Marwako Fastfood Marwako Fast Foods

Tue, 7 Mar 2017 Source: classfmonline.com

A law lecturer at the Ghana Institute of Management and Public Administration (GIMPA), Edmund Foli, has urged the media to be circumspect on how they report the Marwako staff abuse incident in order not to whip up public sentiment against foreigners and their businesses in the country.

According to him, the Ghanaian is not as timid as people assume and, therefore, reporting the story as if Ghanaians are being abused in their own country by foreigners has the tendency of triggering attacks against expatriates.

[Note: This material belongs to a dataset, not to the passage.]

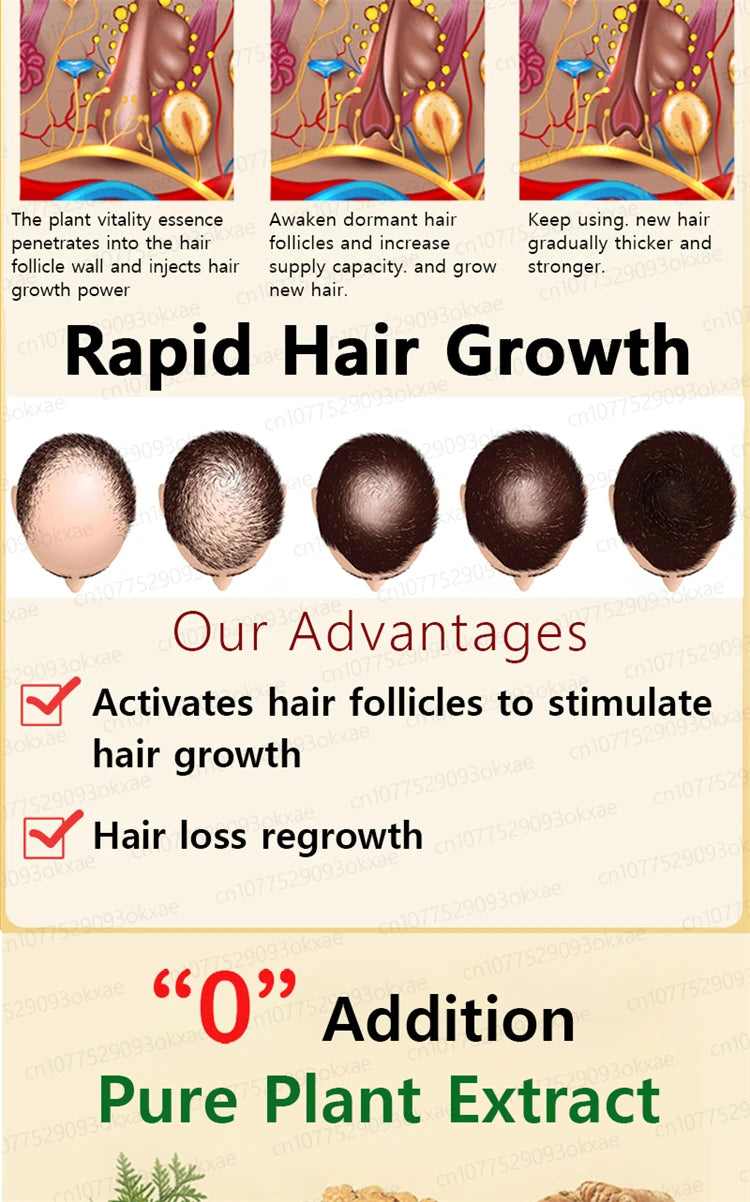 ZKRICARO 0fficial genuine, high quality hair growth essence 0il, scalp care, make hair grow thicker, no more baIIdness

It would be recalled that a kitchen staffer, Evelyn Boakye, who works at the Abelenkpe branch of Marwako Fast Food Limited, had her face dipped into pepper paste by her Lebanese supervisor Jihad Chaaban.

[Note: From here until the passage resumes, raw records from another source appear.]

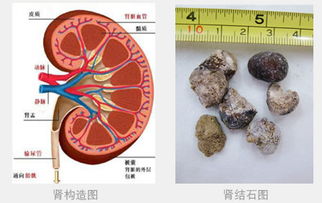 腎結石注意事項及飲食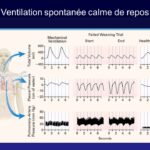 modes ventilatoires ventilation spontanee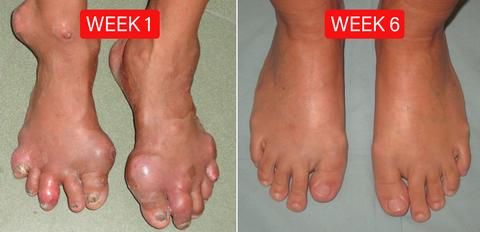 Fivfivgo™ Bee Venom Advanced Joint and Bone Therapy Cream (New Zealand Bee Extract - Specializes in Orthopedic Diseases and Arthritis Pain)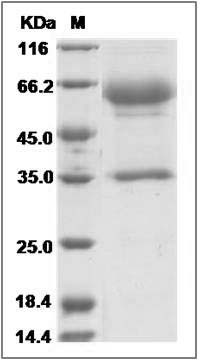 Cynomolgus TIM3 / HAVCR2 Protein (Fc Tag) SDS-PAGE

This inhumane treatment has attracted widespread criticism, especially on social media, leading to the creation of a hashtag #boycottMarwako.

Reacting to how the media is reporting the story so far on the Executive Breakfast Show (EBS) on Class91.3FM on Tuesday 7 March, 2017, Mr Foli said: “When the media has a story such as this, I’ll kindly ask that you do not play the Ghanaian-foreigner angle. The reason is simple: …You live in a society which is volatile. And let nobody kid himself that Ghanaians may be seemingly timid. These are all instances that gradually build up public sentiment against a particular phenomenon and if we are not careful by the time you get a blow up… I have lived in South Africa and what we are seeing with the xenophobic attack did not start today. It started from 1994… so it is the little statements and things that push these issues to a level that one day we may have Ghanaians attacking foreigners. I pray that doesn’t happen. I don’t wish it happens.”

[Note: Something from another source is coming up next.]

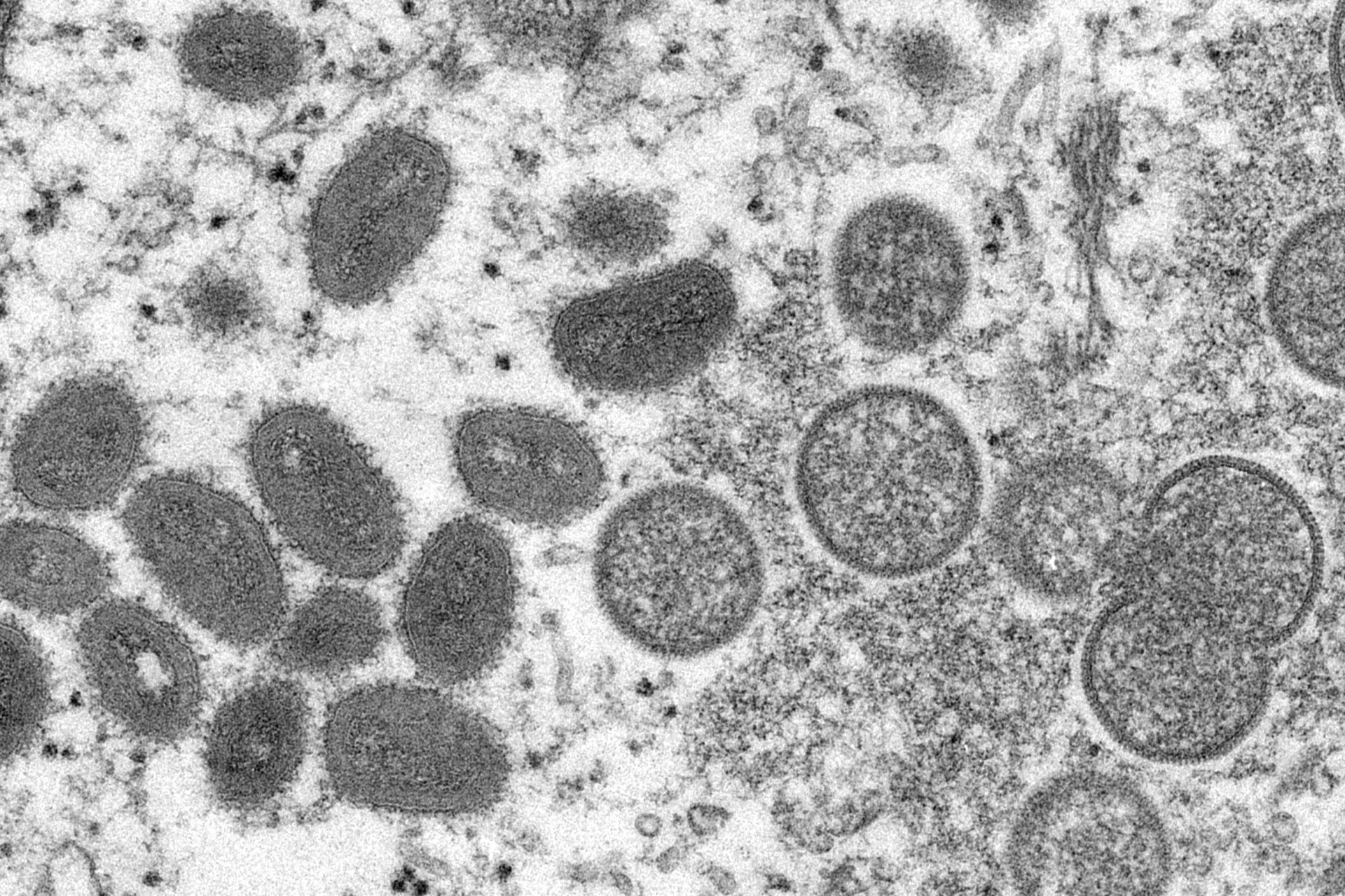 Изображение с електронен микроскоп от 2003 г., предоставено от Центровете за контрол и превенция на заболяванията, показва зрели вириони на маймунска шарка с овална форма, леви и сферични незрели вириони, вдясно, получени от проба от човешка кожа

Mr Foli’s remarks echo a sentiment shared by former Foreign Affairs Minister Hanna Tetteh who believes xenophobic attacks are possible in Ghana as long as the circumstances that lead to such incidents are created.

“In Ghana, by the way, we are not any different. …I think anything can happen anywhere given a certain set of circumstances, and, so, it’s important for us to make sure that we don’t allow those circumstances to be created. What was the basis for the Aliens Compliance Act? I don’t want to go back into that history but let’s face it, at that time, it was felt that foreigners were controlling this economy much more so than Ghanaians. Therefore, there needed to be some form of regulation and as a result people were asked to move away in the 1960s,” she told host Etse Sikanku on World Affairs on Class91.3FM on Friday 3 March when asked if such attacks were possible in Ghana.

“When I was at the Ministry of Foreign Affairs, we did a project with the National Identification Authority and Immigration [Service] where we had the foreigner registration and you had these foreigner ID cards that were issued. We discovered at that time that we had over 120 nationalities living in Ghana. When you look at what has happened or comments that come up about the Chinese and the way that they do business in Ghana or Nigerians and the way they do business in Ghana or Liberians as former refugees in Ghana who have stayed or as Ivorians who left as a result of the crisis that took place in their country a couple of years ago who are still here, how do we react to them? And generally we are not really as hospitable as we make ourselves out to be.”